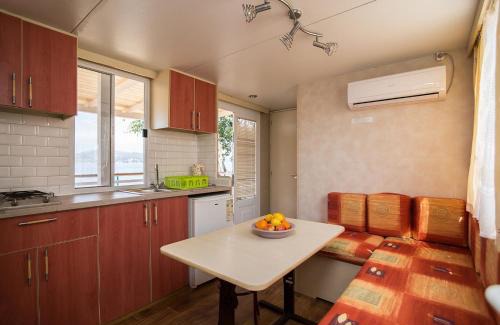 Biograd na Moru House | Mobile home Frangipani 4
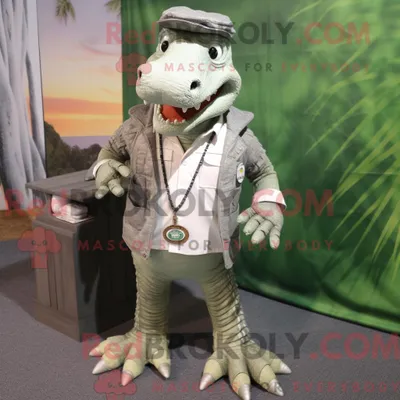 Produktbild von Maskottchen REDBROKOLY eines silbernen Krokodils bekleidet mit Cargo-Shorts und Anstecknadeln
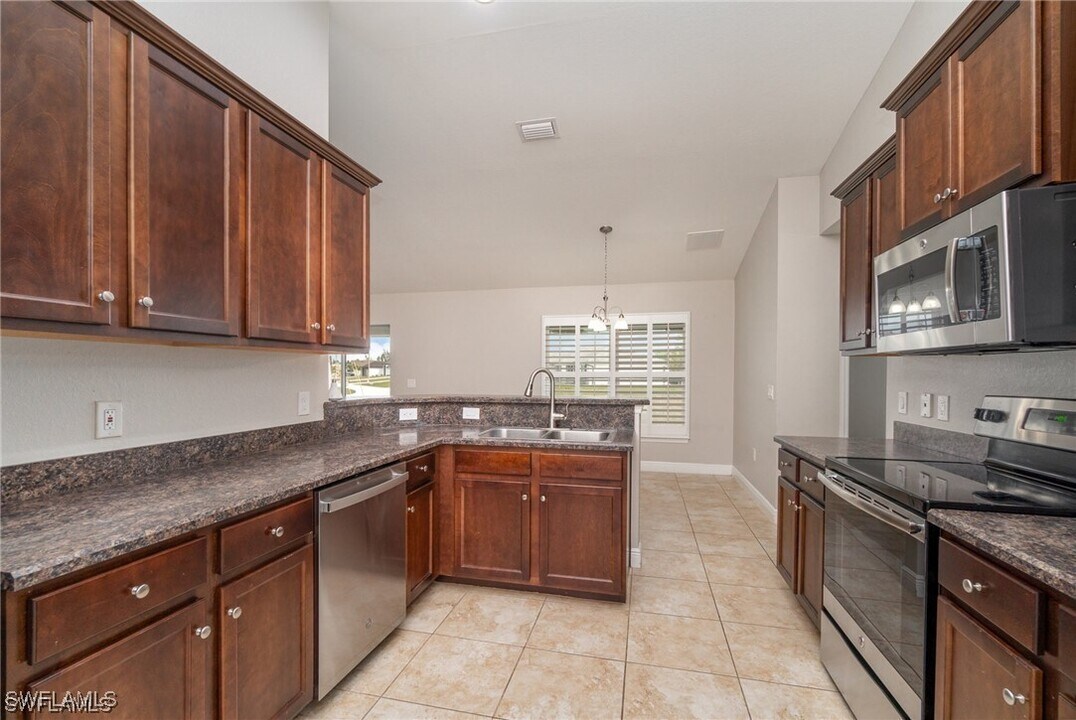 3423 NE 12th Ave in Cape Coral, FL - Building Photo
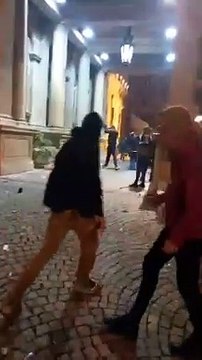 Protest ispred skupštine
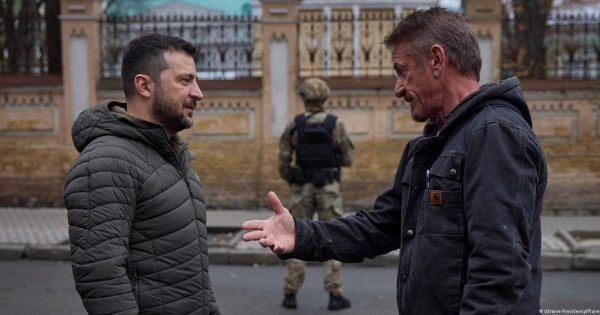 Berlinale 2023: Πεν και Ζελένσκι, Κρίστιαν Πέτζολντ και Σελίν Σονγκ, οδηγούν το πρόγραμμα του 73ου Φεστιβάλ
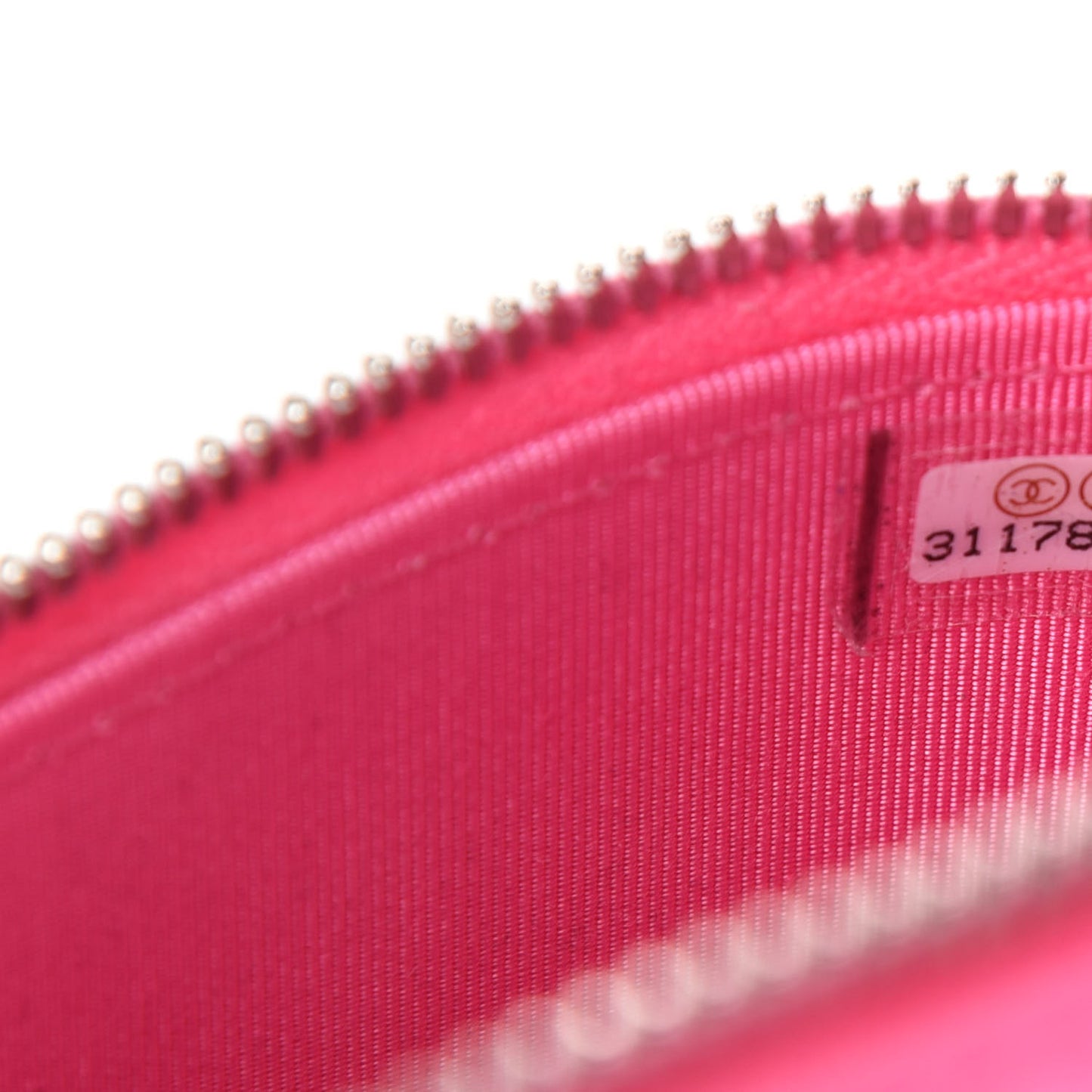 Lambskin Quilted Phone Holder With Chain Pink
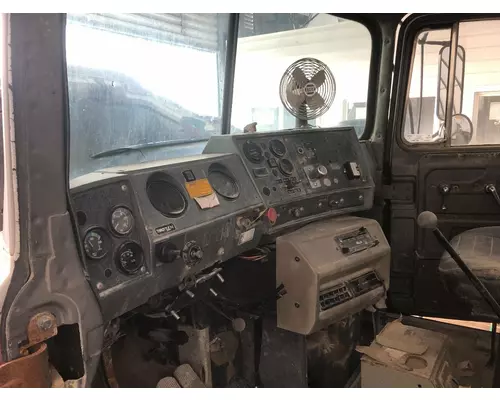 MACK DM688S Dash Assembly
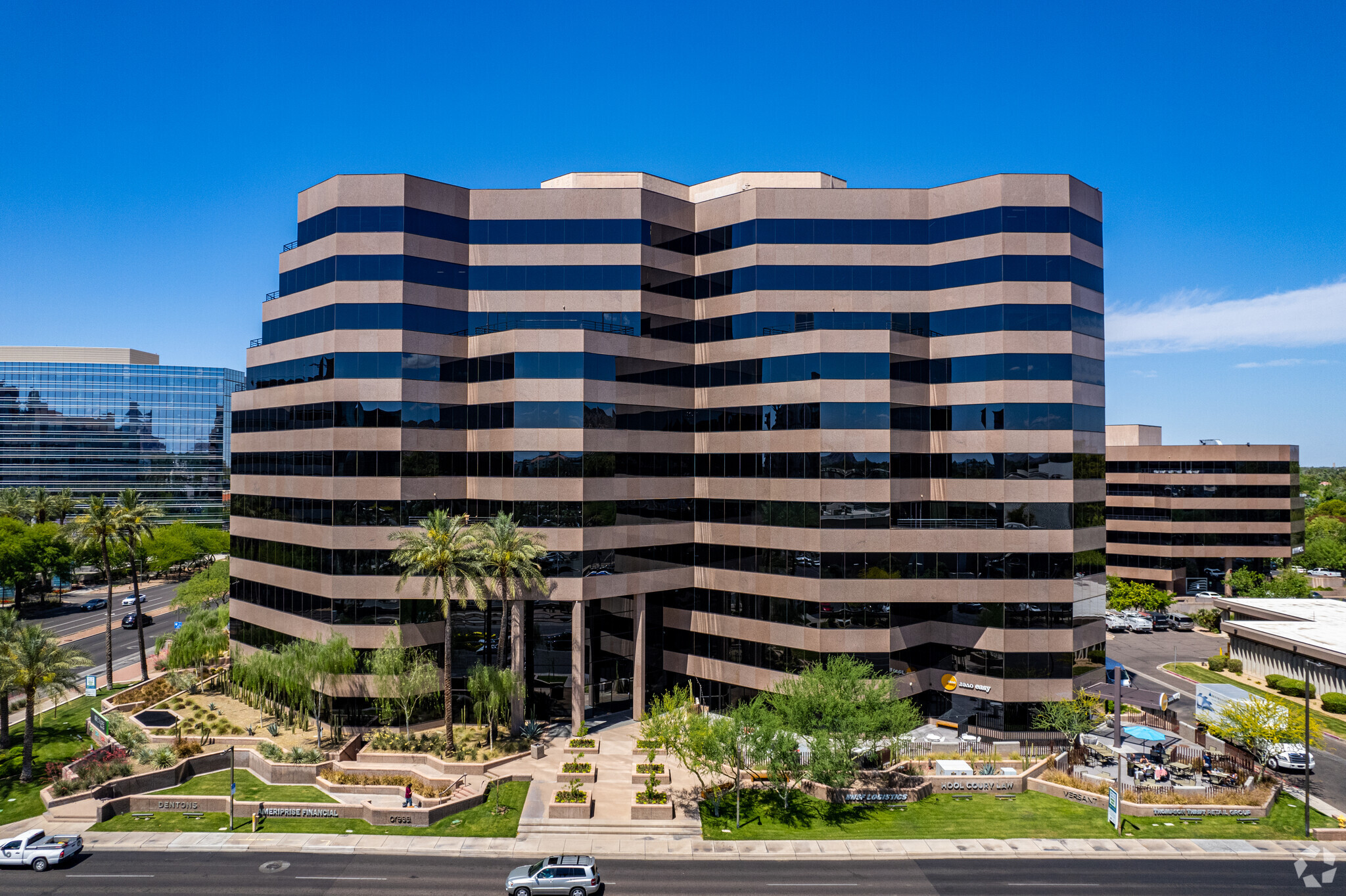 2398 E Camelback Rd, Phoenix, AZ en alquiler Foto del edificio- Imagen 1 de 59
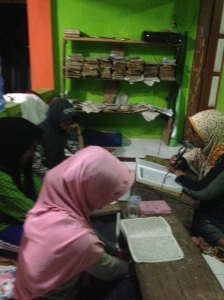 Women reading the Quran for Taraweh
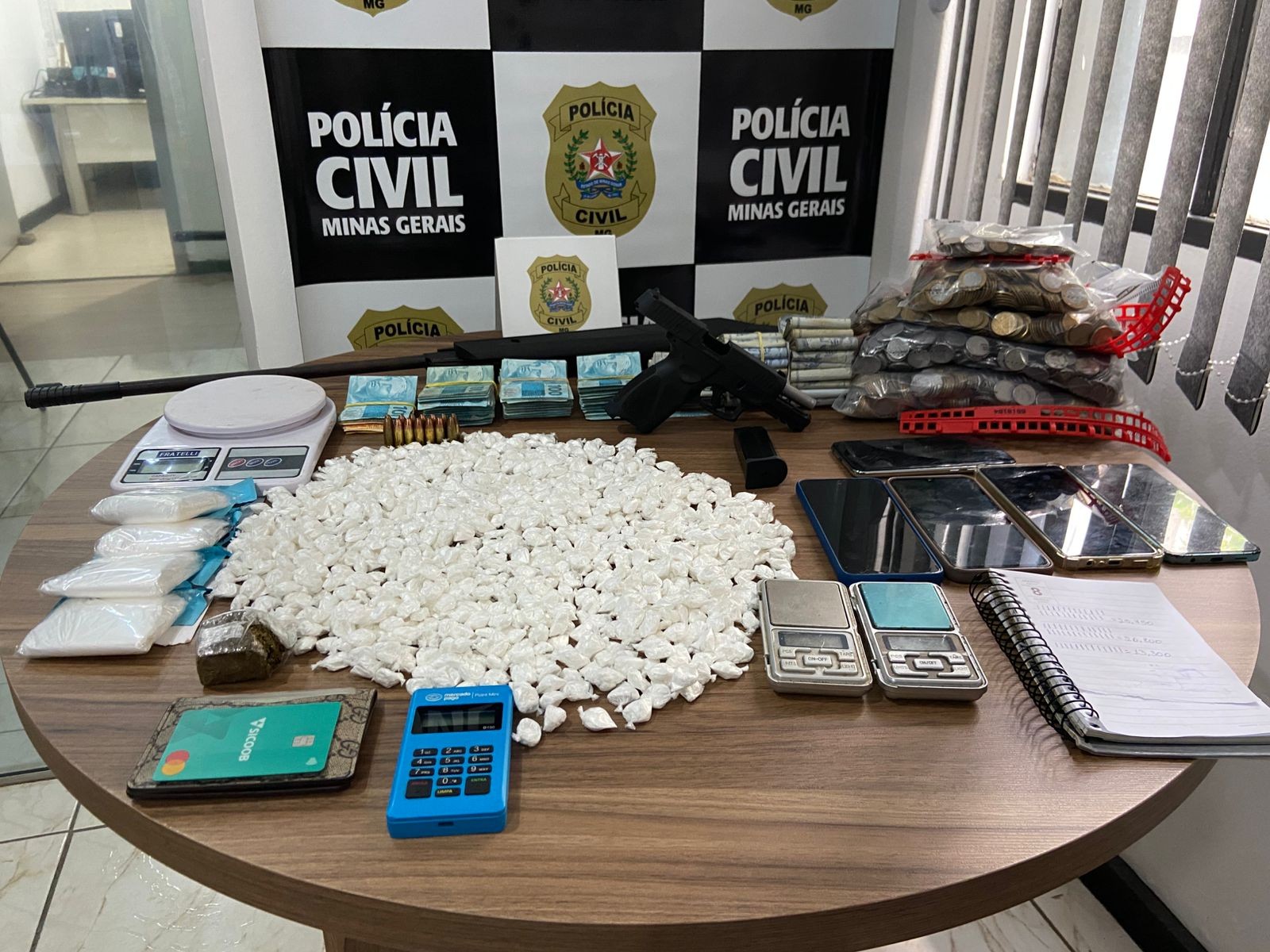 Mil papelotes de cocaína e R$ 50 mil são apreendidos em operação que prendeu oito pessoas em MG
════
Whenever a picture appears, leave it out, and return every record exactly.

 Biograd na Moru House | Mobile home Frangipani 4
 Produktbild von Maskottchen REDBROKOLY eines silbernen Krokodils bekleidet mit Cargo-Shorts und Anstecknadeln
 3423 NE 12th Ave in Cape Coral, FL - Building Photo
 Protest ispred skupštine
 Berlinale 2023: Πεν και Ζελένσκι, Κρίστιαν Πέτζολντ και Σελίν Σονγκ, οδηγούν το πρόγραμμα του 73ου Φεστιβάλ
 Lambskin Quilted Phone Holder With Chain Pink
 MACK DM688S Dash Assembly
 2398 E Camelback Rd, Phoenix, AZ en alquiler Foto del edificio- Imagen 1 de 59
 Women reading the Quran for Taraweh
 Mil papelotes de cocaína e R$ 50 mil são apreendidos em operação que prendeu oito pessoas em MG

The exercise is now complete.